RELICS. Relics, in what may be called their merely human and historic aspect, appeal to many of the most obvious and most deeply seated principles of human nature —to that power of connexion with the past which has been justly called one of the divinest elements of our being, to the law of association, and to that love of something like ocular testimony which so notoriously affects the mind more forcibly than " the hearing of the ear." The Russian general Suwaroff, " albeit unused to the melting mood," is reported to have been deeply touched b}r the relics of departed greatness laid bare by the discovery of a palace in the Crimea which had been built by Mithradates. Many of those who were present at the opening of the tomb of Robert the Bruce at Dunfermline were quite unmanned at the sight of the skull that had toiled for Scotland's weal, and the arm that had struck down Sir Henry' de Bohun on the eve of the battle of Bannockburn ; and at the funeral of the duke of Wellington, in 1852, the pathetic part of the processional ceremonial was found to lie in the riderless charger, bearing relics of the deceased warrior. In 1802 Napoleon Bonaparte, while making his preparations at Boulogne for the invasion of England, pro-fessed to have found a coin of Julius Caesar and a weapon which had belonged to one of the soldiers of William the Conqueror. Napoleon had a profound belief in the power of the imagination. It is needless to dwell upon his object in ostentatiously announcing these discoveries.
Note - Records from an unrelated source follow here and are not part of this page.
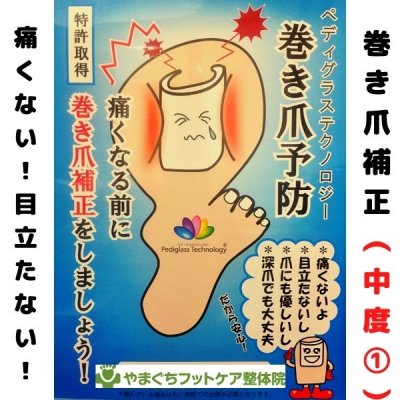 痛くない！！巻き爪補正（中度①）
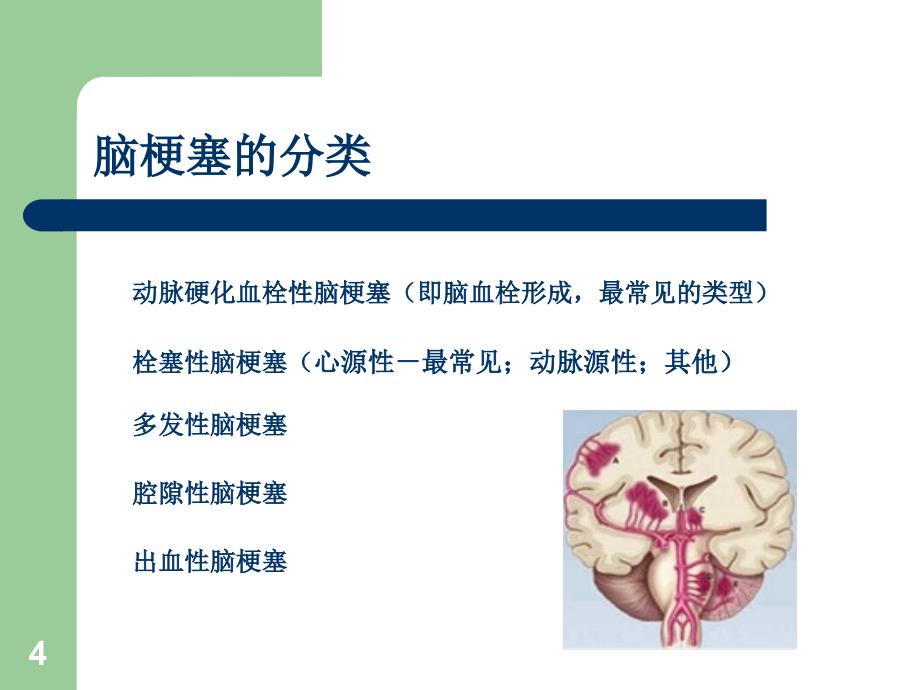 急性脑梗塞的溶栓治疗业务学习ppt课件_第4页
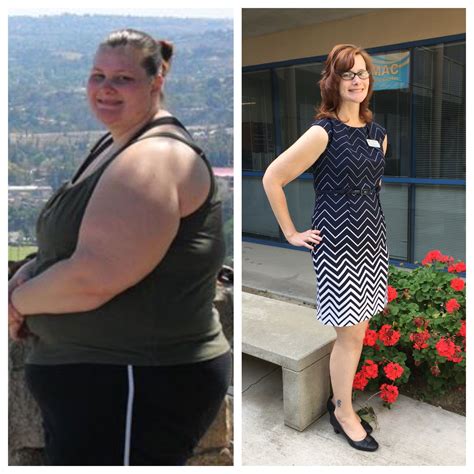 Pin On Weight Loss Surgery Before And After Transformation Success Pictures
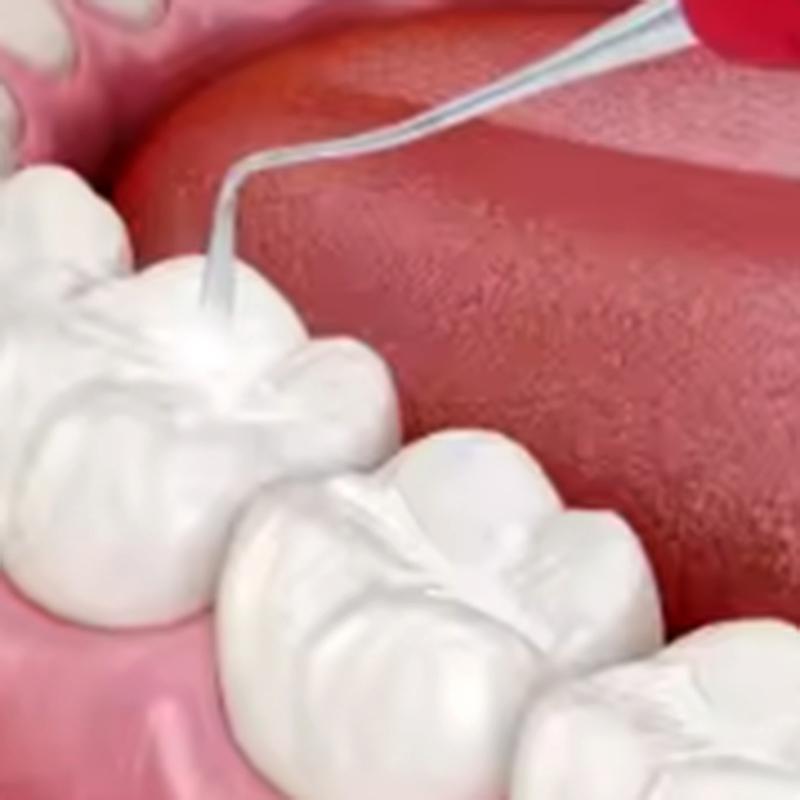 Zahnmedizinische doppelseitige Silikonharz-Füllspatel Kompositfüllung Chirurgische Instrumente Füllungen Zahnarztzubehör Zahnarztwerkzeug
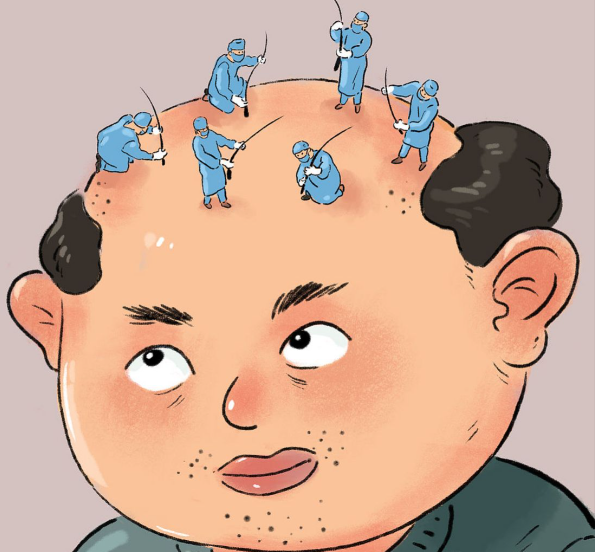 二、影响植发价格的主要因素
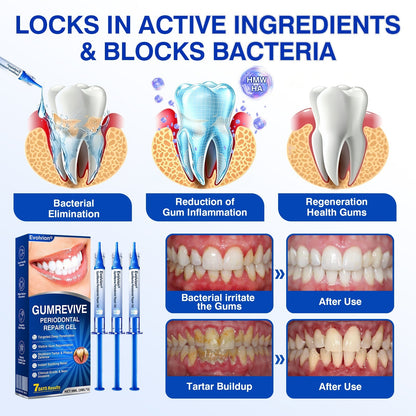 🎁🎁30% OFF for GumRevive Periodontal Repair Gel🛡️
It is obvious, however, that, apart from designs such as that of Napoleon, pretended relics, sometimes associated with real sometimes with legendary events, would be sure to spring from human credulity, from love of the marvel-lous, and from hopes of gain. Perhaps all settled Govern-ments exhibit relics, such as regalia and the like, of which many are perfectly authentic, while some would not bear close examination. The same may be said of family treasures. We read of ancient Bomans exhibiting curiosities, such as fragments of the ship " Argo." Again, relics are apt to gather round a great name. The town of Lutterworth possessed an ancient chair and a piece of a cope. Each became, despite of want of evidence, and indeed against evidence, associated with the name of Wicklifie.

It would be strange indeed if religion (which, alike in its good features and in its abuses, penetrates more deeply than anything else into the human heart) were found to be dissociated from relics. Probably all the more widely spread creeds claim some such material links with the past. Let it suffice to mention here the Ka'ba at Mecca, and the tooth of Buddha exhibited in Ceylon.

We turn to the pre-Christian and Christian dispensations. The Old Testament contains allusions to relics too numerous to mention. We may refer to the language of the epistle to the Hebrews, which speaks of the holy of holies as containing the golden censer, and the ark of the covenant, wherein were the golden pot that had manna and Aaron's rod that budded and the tables of the covenant (Heb. ix. 4, 9; Exod. xxv. 10, 16; Num. xvii. 10). These were believed to have been lost at the destruction of the temple by Nebuchadnezzar. We also read of the sword of Goliath being preserved as something sacred (1 Sam. xxi. 9).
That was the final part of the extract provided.